Era sicuramente più divertito e rilassato a fine partita Gasperini, anche se non ha fatto mancare la sua stoccata quando gli abbiamo chiesto di spiegarci un po’ il senso del suo piano gara che, da quello che si era visto in campo, puntava a togliere l’ispirazione ai principali costruttori del gioco del Como, tra cui brilla sempre in particolare il portiere Butez. Lasciamo al virgolettato di Gasperini il pregio della testualità: «Il Como gioca molto col portiere. Purtroppo nel calcio questa situazione sta dilagando: non è spettacolare, anzi, è abbastanza stucchevole. È chiaro che quando affronti queste situazioni le devi esasperare, altrimenti la partita è bruttissima da vedere». Da una parte va apprezzato il genio, o quantomeno quella capacità analitica particolarmente spiccata di studiare nel dettaglio le modalità di gioco dell’avversario che deve affrontare e nella capacità di trovare le contromisure migliori per inaridire ogni fonte di gioco.

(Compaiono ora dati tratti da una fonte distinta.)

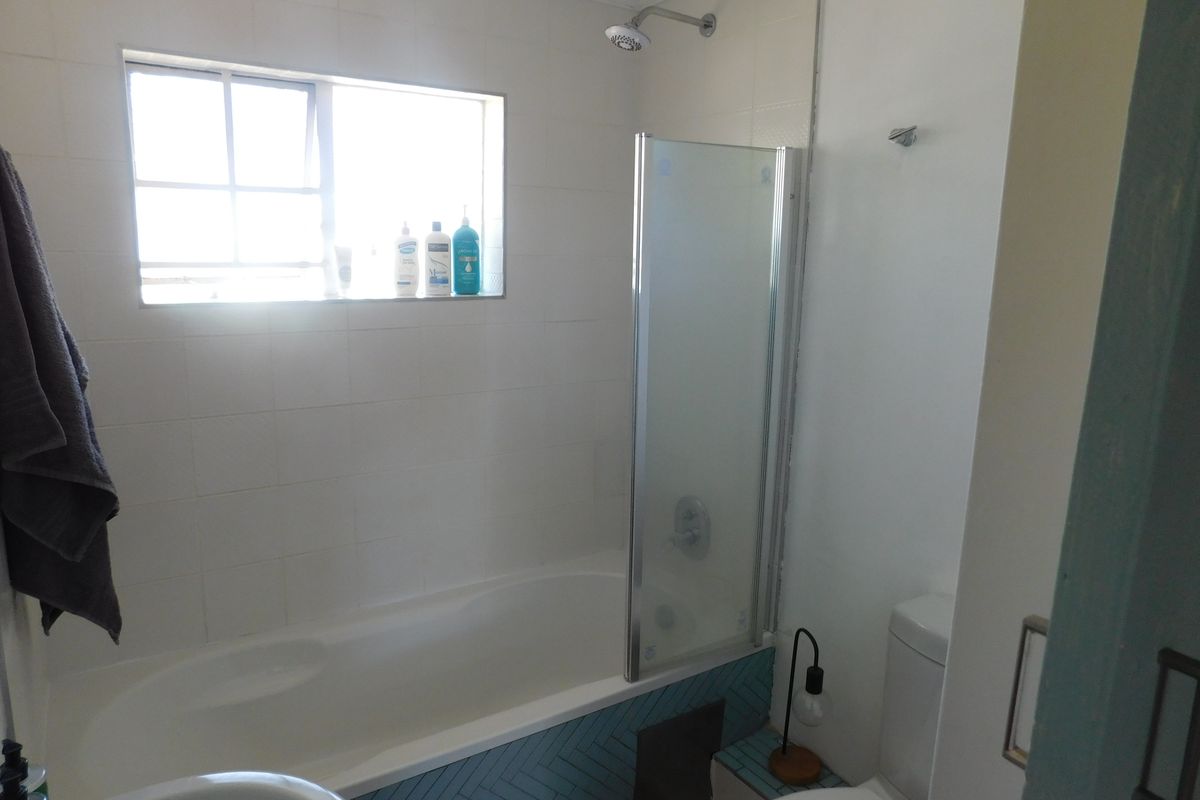 A functional bathroom featuring a bathtub with an integrated shower, glass screen, and decorative herringbone tiling on the bath apron.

Poi si può o meno essere d’accordo sulla definizione di artificio antispettacolare facendo riferimento al gioco che passa attraverso i piedi dei portieri. Nel calcio moderno invece è essenziale avere questo tipo di contributo e anche la Roma lo sfrutta parecchio con Svilar, una vera e propria sicurezza anche con i piedi, ma è vero che non lo esaspera.
Hanno tutti ragione
In qualche modo anche qui c’è stato un riferimento poco simpatico alle attitudini tattiche del Como. Forse tra i due non scorre proprio buon sangue. Ma in qualche modo le loro posizioni riflettono una specie di Nuova Guerra dei Mondi Calcistici. Qui non si tratta più di discutere di giochisti e risultatisti, categorizzazione ormai sepolta dei nuovi testi di calcio nell’università tattiche di tutta Europa. Ma è davvero molto interessante valutare bene le differenze che possono esserci tra una filosofia di chiara influenza spagnola come quella del Como e la rivisitazione del calcio all’italiana, ma con il baricentro spostato avanti di 60 metri, tipica della filosofia di Gasperini. A nostro giudizio sono due modi spettacolari per cercare il dominio dell’avversario. È indubbiamente vero che dal punto di vista puramente estetico, ad occhi neutri, forse le migliori partite del Como sono più piacevoli da vedere, ma è altrettanto vero che il calcio si fonda su tante altre caratteristiche in qualche modo splendidamente sintetizzate nella modalità in cui si esprime oggi la Roma, non a caso tanto apprezzata dai suoi tifosi.
Ma la Roma ha meritato
Andando a vedere poi la partita nel dettaglio il Como è stato ridotto davvero ai minimi termini: 1 solo tiro in porta, zero occasioni reali (quei salvataggi di Svilar non configurano grandi occasioni dal punto di vista statistico), 0,55 x-gol, 47% possesso palla (44% nel primo tempo). Sono dati piuttosto significativi. La mossa a sorpresa di Gasp è stata proprio quella di schermare ogni iniziativa di Butez, e una pressione così alta, davvero inusuale in Italia, merita un applauso a prescindere da come la si pensi.